El sueño de la razón no sólo produce monstruos

martes, 8 de agosto de 2017

Obsesiones

Me había acostumbrado a que coincidiéramos en el bar por la mañana, al tomar mi café solo. A descubrirle en los asientos del fondo del autobús. A reconocer su silueta en las calles concurridas del centro de la ciudad. Al principio pensé que se trataba de encuentros fortuitos. Llegué a sonrojarme de emoción al pensar que existía alguien con quien cruzaba mi rutina. Pero la frecuencia aumentó rápidamente y pronto mi curiosidad dio paso a la certeza de vivir perseguida. Me miraba, escorado, desde los rincones; o altivo, al pasar a mi lado, casi rozándome. Unas veces con esos ojos verdes, transparentes; otras envuelta la mirada en un iris marrón, casi negro.
Comenzó a vestirse cada día de una forma diferente, a caminar de un modo irreconocible, tratando de ocultar entre disfraces su identidad única de enfermo infatigable. Sentí miedo. Cuando empezó a colarse al otro lado de las ventanillas de billetes u ocultarse tras una mascarilla blanca en la consulta del dentista, temí por mi vida. Pero era un loco enamorado. Y el miedo daba saltos inconstantes hacia la ternura. Una ternura suave y comestible.
Él seguía buscándome en cada calle, escurridizo y tenaz. Intentaba diluirse entre cascos, batas, gafas de sol y bigotes. Yo entonces ya me sentía halagada y, tonta de mí, me dejé llevar por la coquetería. Durante unos meses, alimenté una esperanza a la nunca iba a ser capaz de responder. Mis sonrisas se hicieron encontradizas y a punto estuvimos de intercambiar unas palabras en un martes 22 de abril.
Pero él no podía ni mirarme. Envuelto en otra de sus farsas, unos niños traviesos arrebataron su atención de mí tan rápido como se había posado. ¡Qué dolor verle sufrir de aquella forma! ¡Cómo podía estar tan enfermo! Desapareció tras las ingenuas criaturas sin girar su rostro, aun ardiendo en deseos de mirar atrás. ¡Ese hombre había perdido la razón!
Aquella tarde supe que el amor se había hecho podredumbre en sus entrañas y que ya sólo la muerte arrancaría ese dolor tan denso.
El calendario sentenció que fuera un viernes, 2 de mayo.

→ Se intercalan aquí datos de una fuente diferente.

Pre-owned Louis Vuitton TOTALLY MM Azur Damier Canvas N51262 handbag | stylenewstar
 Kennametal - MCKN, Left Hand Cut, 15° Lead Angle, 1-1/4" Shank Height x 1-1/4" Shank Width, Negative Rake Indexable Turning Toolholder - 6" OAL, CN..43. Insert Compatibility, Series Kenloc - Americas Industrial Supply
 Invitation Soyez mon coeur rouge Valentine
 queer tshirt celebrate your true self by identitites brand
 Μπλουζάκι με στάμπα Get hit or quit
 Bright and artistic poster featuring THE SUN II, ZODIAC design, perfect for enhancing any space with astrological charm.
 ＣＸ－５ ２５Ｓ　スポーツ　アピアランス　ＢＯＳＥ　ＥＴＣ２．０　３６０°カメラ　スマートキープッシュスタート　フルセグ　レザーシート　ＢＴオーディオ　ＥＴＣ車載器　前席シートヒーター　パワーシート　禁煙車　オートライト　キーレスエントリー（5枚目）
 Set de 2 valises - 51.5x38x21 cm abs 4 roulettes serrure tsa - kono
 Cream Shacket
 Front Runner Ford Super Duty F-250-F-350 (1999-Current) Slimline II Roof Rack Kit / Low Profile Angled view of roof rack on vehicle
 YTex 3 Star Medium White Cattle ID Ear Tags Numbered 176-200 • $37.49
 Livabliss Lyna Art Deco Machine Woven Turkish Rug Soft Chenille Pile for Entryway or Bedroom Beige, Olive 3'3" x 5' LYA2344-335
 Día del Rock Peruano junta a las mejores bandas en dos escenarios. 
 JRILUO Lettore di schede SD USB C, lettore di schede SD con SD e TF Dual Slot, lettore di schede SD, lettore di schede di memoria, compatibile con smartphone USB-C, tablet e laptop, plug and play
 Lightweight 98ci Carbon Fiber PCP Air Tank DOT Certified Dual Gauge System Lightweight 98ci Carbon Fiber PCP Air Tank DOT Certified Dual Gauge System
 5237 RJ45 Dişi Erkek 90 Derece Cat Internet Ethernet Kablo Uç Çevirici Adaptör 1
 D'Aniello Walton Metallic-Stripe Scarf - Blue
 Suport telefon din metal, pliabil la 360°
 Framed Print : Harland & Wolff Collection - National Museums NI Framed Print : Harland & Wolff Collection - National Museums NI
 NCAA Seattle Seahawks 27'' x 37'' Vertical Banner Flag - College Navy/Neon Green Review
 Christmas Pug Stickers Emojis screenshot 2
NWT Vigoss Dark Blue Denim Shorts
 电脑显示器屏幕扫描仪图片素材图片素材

Agarré mi cajita de costura, la que llevo para los viajes. La llené de rafia y coloqué unas tijeras protegidas por el recio hilo. Salí de casa decidida a acabar con aquel monstruo obsesionado. Entré en nuestro bar y allí estaba, removiendo su estúpido café con leche. Pedí “mi solo de siempre” y, cuando daba un primer sorbo, se levantó hacia el baño. Le seguí con mis herramientas. Se lavaba las manos frente al espejo cuando le libré de su agonía. No chilló.
Pagué el café y salí a la calle, satisfecha y aliviada. No duró mucho esta paz, pues enseguida noté su mirada pastosa deslizarse. Llegué a la parada del autobús temiendo lo peor: una herejía, una resurrección. Me giré y allí estaba. Sonriendo como un obseso sin escrúpulos. Subí a la cabina y caminé nerviosa, con mi rafia sucia en la mano, hasta la última fila de asientos. Él se sentó justo delante de mí, ofreciendo su cuello despejado a la sentencia que podía redimir su pena. Agarré fuerte la cuerda y con un rápido movimiento acabé con aquel pálpito de dolor y pasión.
Lo he vuelto a ver en el ascensor, en el pasillo del supermercado y en la recepción de la piscina. He acabado con su agonía no sé ni cuántas veces ya… pero una y otra vez reaparece, tan inmortal es su amor.
Y así, tras cuatro días tratando de salvar a un hombre, he llegado hasta esta iglesia, buscando ayuda, temiendo que pudiera encontrarlo aquí también. Pero al ver sus ojos limpios, padre, he sabido que usted sí que iba a entender mi entrega, mi sacrificio por devolver a ese pobre enamorado su libertad.
Pero no escucho sus palabras, padre. No oigo sus consejos.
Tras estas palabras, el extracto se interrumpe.